The ASIO Subsystem¶
ASIO (Asynchronous I/O) is Pony’s built-in event notification system. It is how the runtime knows when a network socket has data to read, when a timer fires, or when a signal arrives.
How It Works¶
The ASIO subsystem runs on its own dedicated thread, separate from the scheduler threads that execute actor behaviors. The ASIO thread never runs actor code. Its only job is to wait for I/O events from the operating system and notify the appropriate actors when those events occur.

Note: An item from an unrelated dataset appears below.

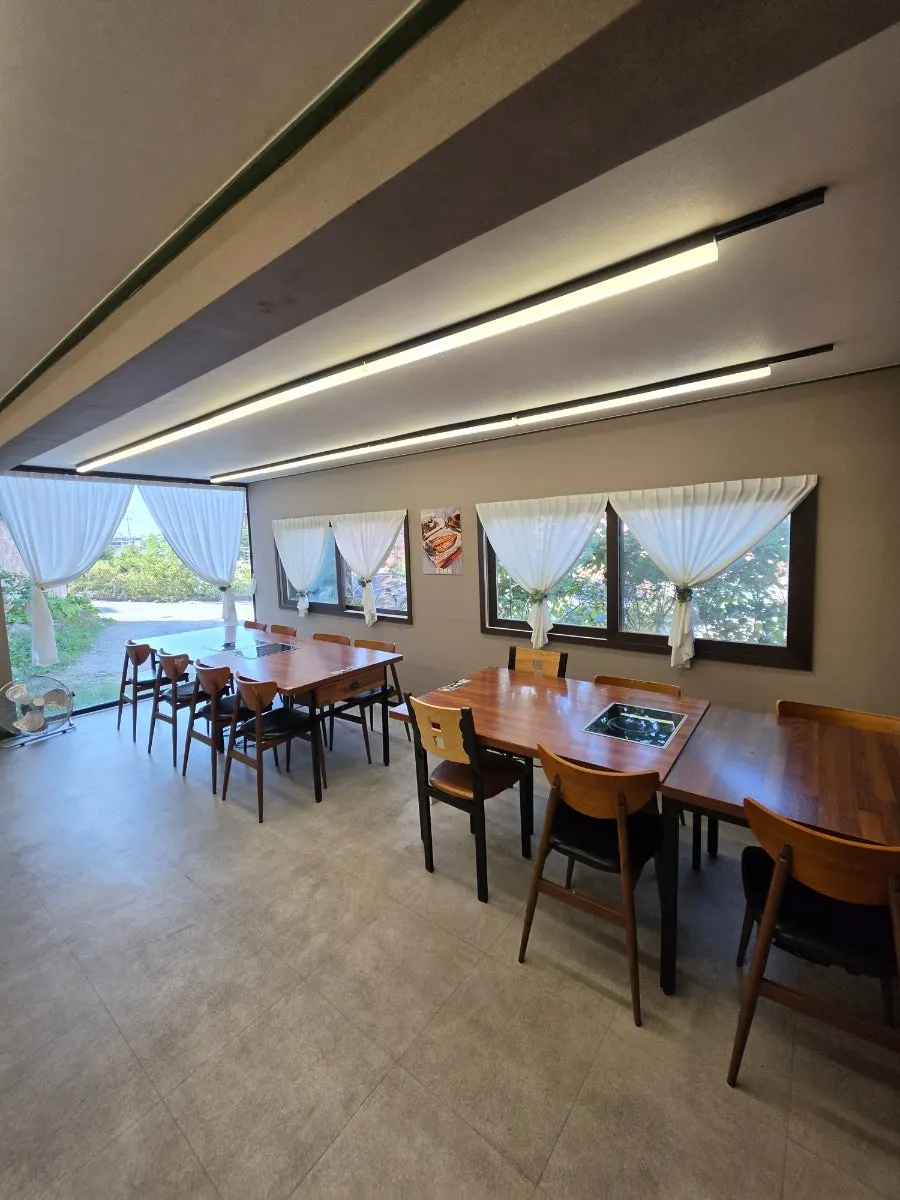 Coffee machine and ice cream corner at the entrance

When an actor needs to be notified about an I/O event (for example, a TCP listener waiting for incoming connections), it registers interest with the ASIO subsystem. When the event fires, the ASIO thread sends a message to the registered actor, which causes that actor to be scheduled for execution on a scheduler thread.
Platform Backends¶
Under the hood, the ASIO subsystem uses the most efficient event notification mechanism available on each platform:
- Linux:
epoll - macOS and BSD:
kqueue - Windows: I/O Completion Ports (
IOCP)
These are all OS-level facilities for efficiently monitoring large numbers of file descriptors, sockets, and other event sources. The ASIO subsystem abstracts over the platform differences so that Pony code works the same way everywhere.
ASIO and Actor Lifetime¶
An actor with active ASIO subscriptions is considered alive, even if it has no messages in its queue. This prevents the runtime from garbage collecting an actor that is waiting for I/O events. For example, a TCP listener with no current connections but an active listening socket will not be collected.
This also affects program shutdown: the program will not reach quiescence while any actor has active ASIO subscriptions. If you want your program to exit, you need to ensure that actors unsubscribe from ASIO events (for example, by closing listening sockets and cancelling timers).